And yet she was wide awake too. Sleep had never been further from her eyes, and her mind never more alert. But for the first time since Tresler had been brought in wounded, his condition was no longer first in her thoughts. Something occupied her at the moment of his waking to the exclusion of all else.

The man lay like a log. His eyes were staring up at the ceiling; he made no movement, and though perfect consciousness had come to him there was no interest with it, no inquiry. He accepted his position like an infant waking from its healthy night-long slumber. Truth to tell, his weakness held him prisoner, sapping all natural inclination from mind and body. All his awakening brought him was a hazy, indifferent recollection of a bad dream; that, and a background of the events at Willow Bluff.

If the man were suffering from a bad dream, the girl’s expression suggested the terrible reality of her thought. There was something worse than horror in her eyes, in the puckering of her brows, in the nervous compression of her lips. There was a blending of terror and bewilderment in the brown depths that contemplated the wall before her, and every now and then her pretty figure moved with a palpable shudder. Her thoughts were reviewing feverishly scenes similar to those in her patient’s dream, only with her they were terrible realities which she had witnessed only a few hours before in that very room. At that moment she would have given her life to have been able to call them dreams. Her lover’s life had been attempted by the inhuman process of reopening his wound.

Should she ever forget the dreadful scene? Never! Not once, but time and again her brain pictured each detail with a distinctness that was in the nature of physical pain. From the moment she awoke, which had been unaccountable to her, to find herself still propped against the foot-rail of her bed, to the finish of the dastardly scene in the sick-room was a living nightmare. She remembered the start with which she had opened her eyes. As far as she knew she had heard nothing; nothing had disturbed her. And yet she found herself sitting bolt upright, awake, listening, intent. Then her rush to the lamp. Her guilty feelings. The unconscious stealth of her tiptoeing to the landing outside. Her horror at the discovery that her obstruction to the staircase had been removed, and the chairs, as though to mock the puerility of her scheming, set in orderly fashion, side by side against the wall to make way for the midnight intruder. The closed door of the sick-room, which yielded to her touch and revealed the apparition of her father bending over her lover, and, with no uncertainty of movement, removing the bandage from the wounded neck. The terror of it all remained. So long as she lived she could never forget one single detail of it.

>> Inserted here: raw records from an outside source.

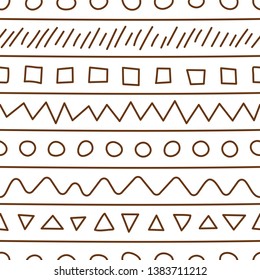 Abstract seamless pattern. Fashion design. Doodle vector template. Old ornament. Retro style. Sketch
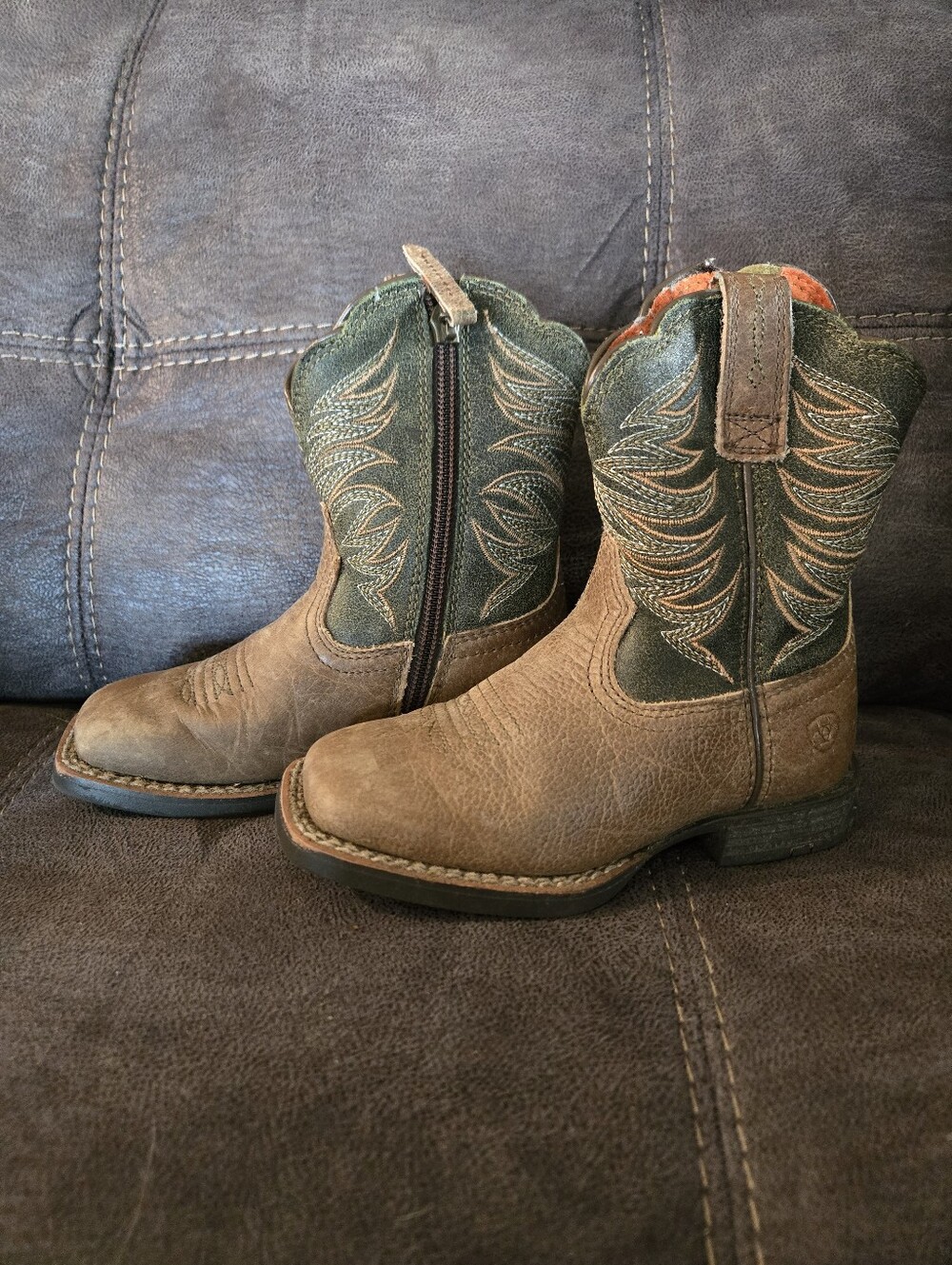 Toddler Ariat Brown and Green Western Zip-Up Boots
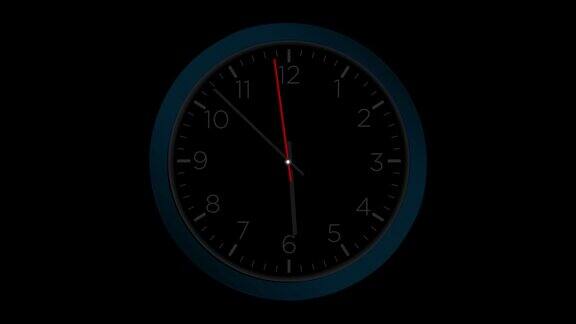 时钟-最小抽象运动3d渲染时钟时间概念时间流逝小时-时钟时间流逝-时钟时间流逝循环-12小时时间流逝-时钟时间流逝循环12小时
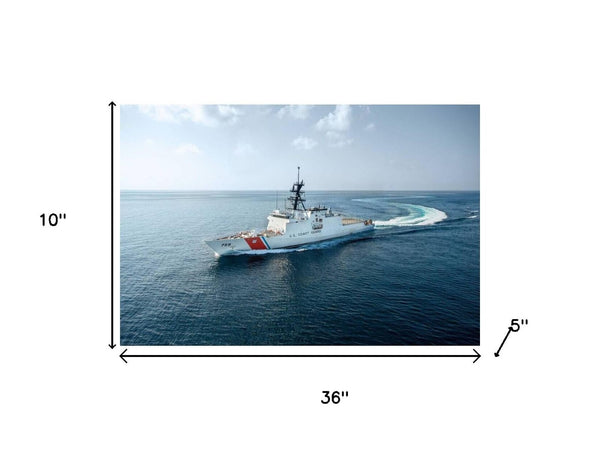 HomeRoots 10" Hand Painted Model Boat - Unique Nautical Décor, Customizable Wooden Accent for Your Home! 624489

Even now, though hours had passed since these things had happened, the nervousness with which she had finally approached the task of readjusting the bandage still possessed her. And even the thankfulness with which she discovered that the intended injury had been frustrated was inadequate to bring her more than a passing satisfaction. She shuddered, and nervously turned to her patient.

Then it was that she became aware of his return to life.

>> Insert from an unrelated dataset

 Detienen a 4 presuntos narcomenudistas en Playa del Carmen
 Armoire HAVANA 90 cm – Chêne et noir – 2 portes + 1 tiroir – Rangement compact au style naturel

“Jack! Oh, thank God!” she murmured softly.

And the sound of the well-loved voice roused the patient’s interest in the things about him.

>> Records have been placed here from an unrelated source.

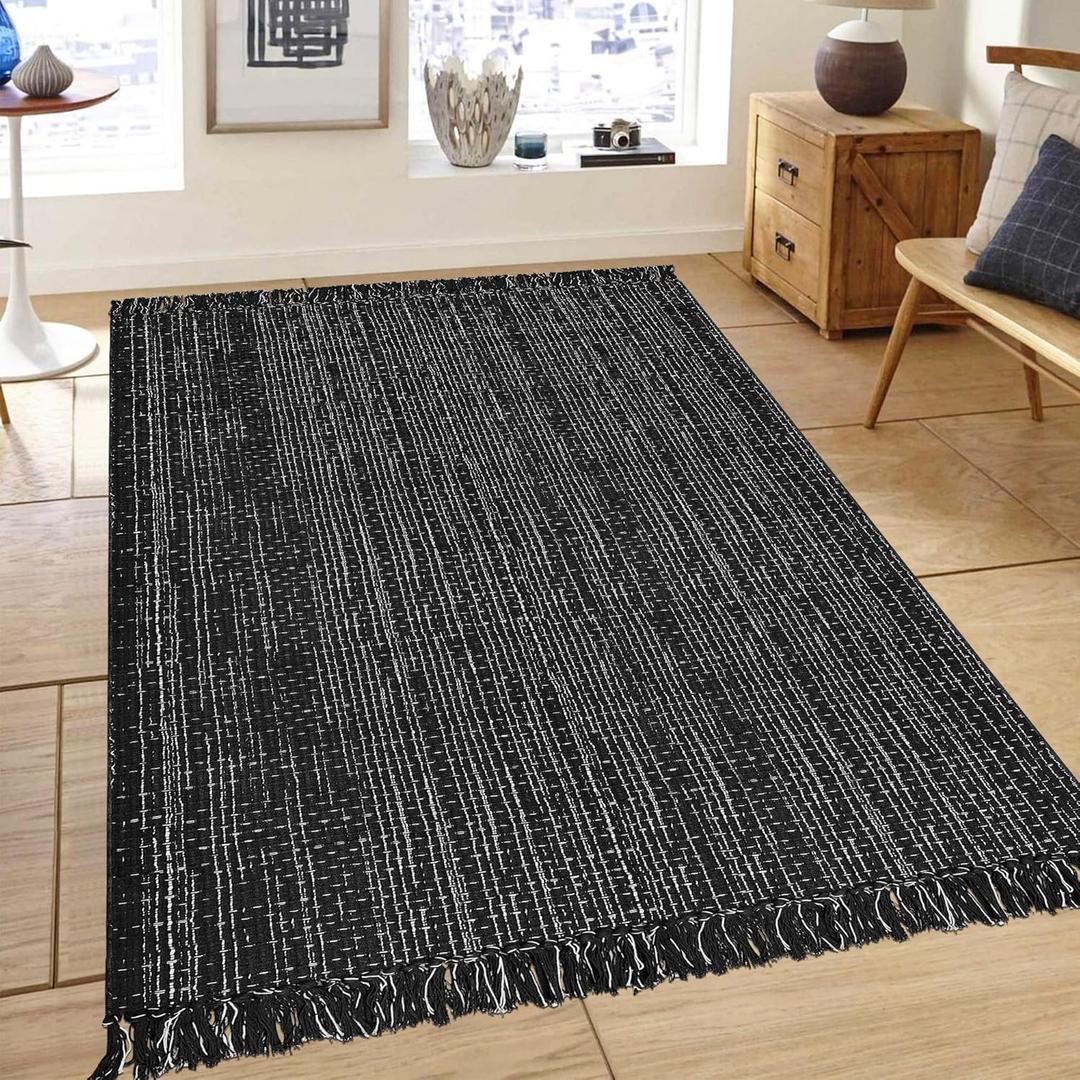 Rugs 4x6 Large Area Rug Washable Cotton Outdoor Tassels Runner Rug, Black and White Neutral Rug Front Porch Decor for Kitchen Living Room Bedroom Patio Farmhouse Entryway Carpet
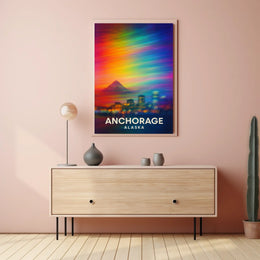 Anchorage Skyline Northern Lights Dreamlike Surreal Poster
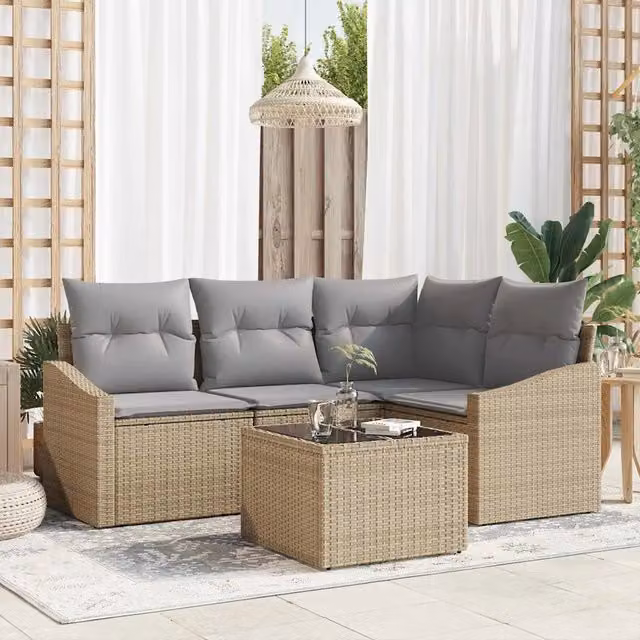 Set di divani 5 pz Beige polyrattan 3346710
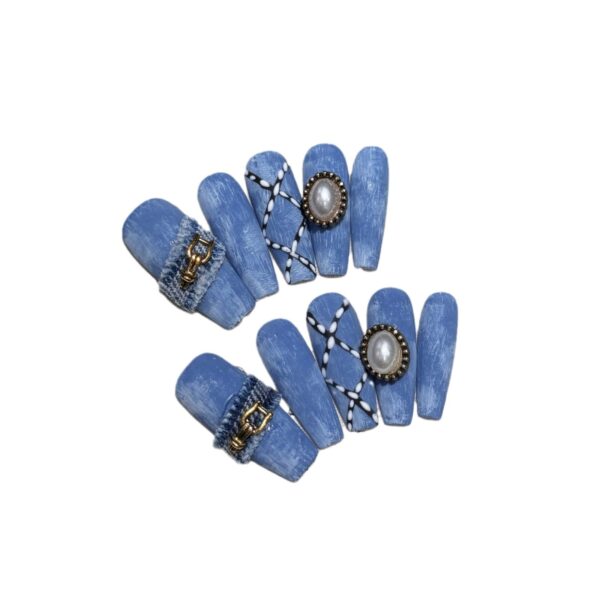 Wholesale Yihe Denim Style Cross Manicure Wearable Manicure Denim Raw Edge Handmade Original Design Diagonal Cut Hand-Painted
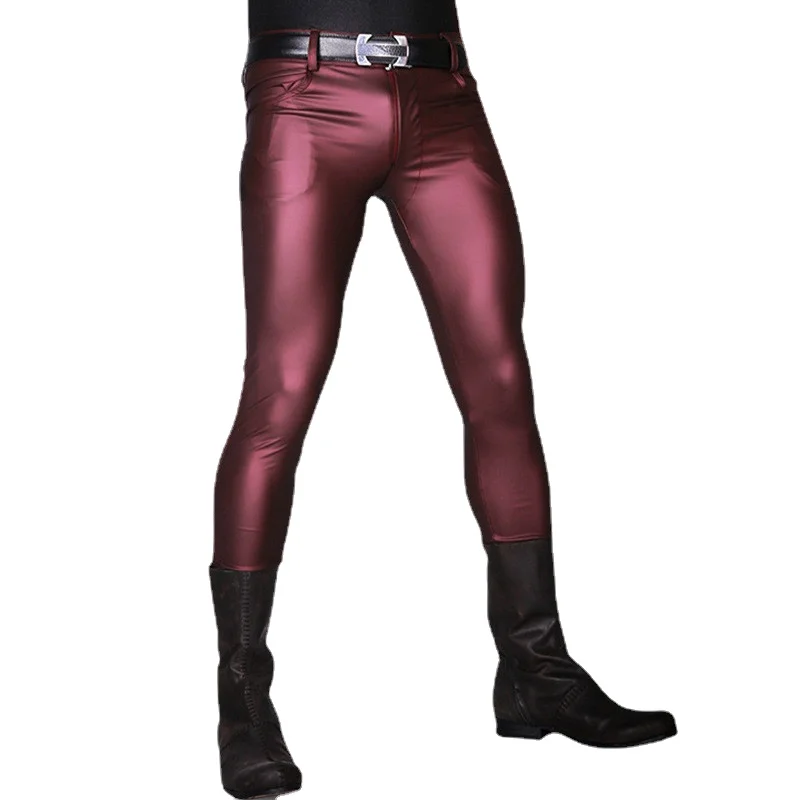 Wine Red Black Faux Leather Men Pants Skinny Casual Trousers Punk Rock Pencil Pants Stretch Tight Leggings Stage Show Clubwear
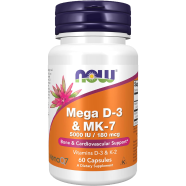 NOW Mega D-3 and K-2 MK-7 180 mg 60 Veg Capsules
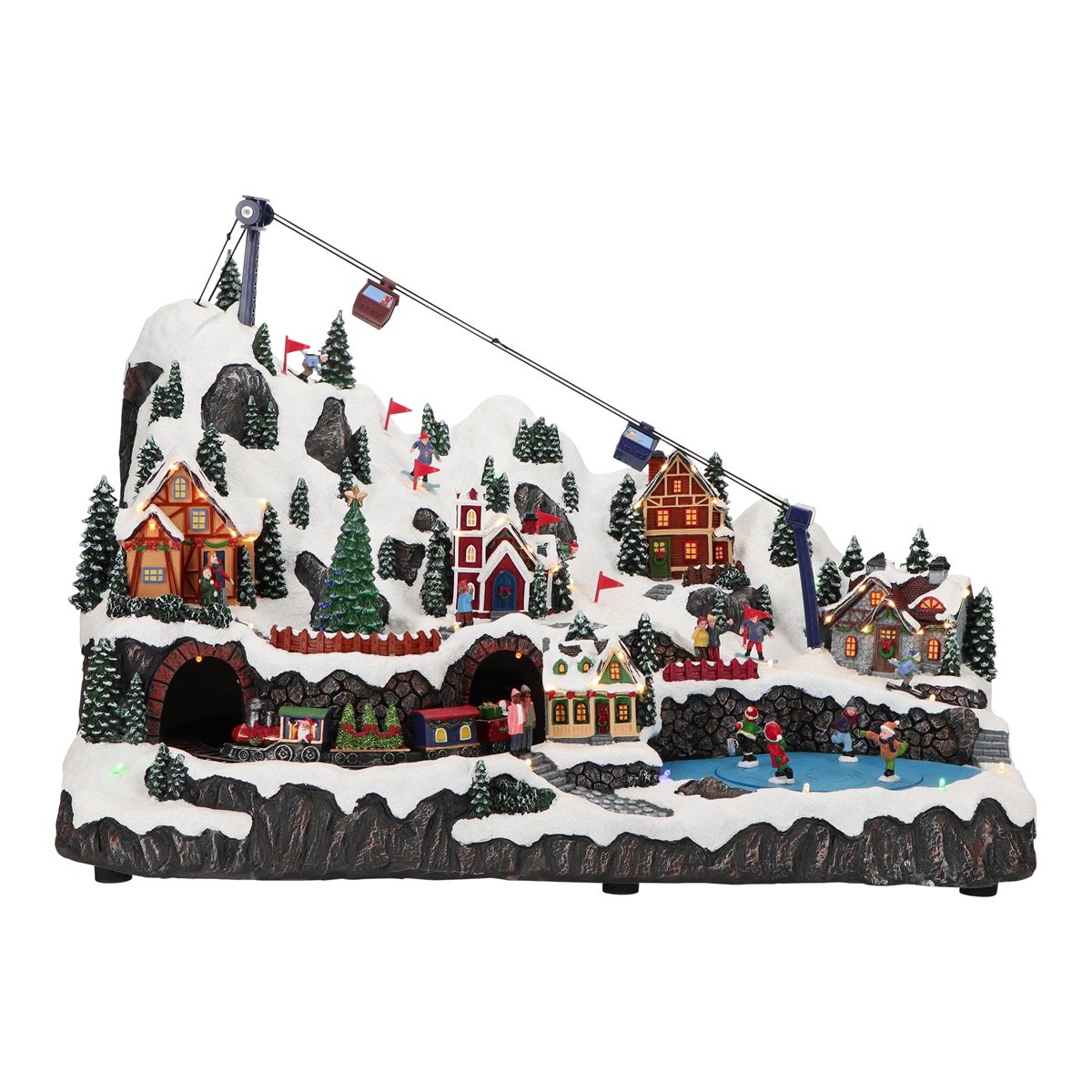 Villaggio di Natale animato con funivia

“Where am I?” he asked, in a weak whisper, turning his eyes to the face so anxiously regarding him.

But Diane’s troubles had been lifted from her shoulders for the moment and the nurse was uppermost once more. She signed to him to keep quiet while she administered the doses Doc. Osler had prepared for him. Then she answered his question.

“You are in the room adjoining mine,” she said quietly.

Her woman’s instinct warned her that no more reassuring information could be given him.

And the result justified it. He smiled faintly, and, in a few moments, his eyes closed again and he slept.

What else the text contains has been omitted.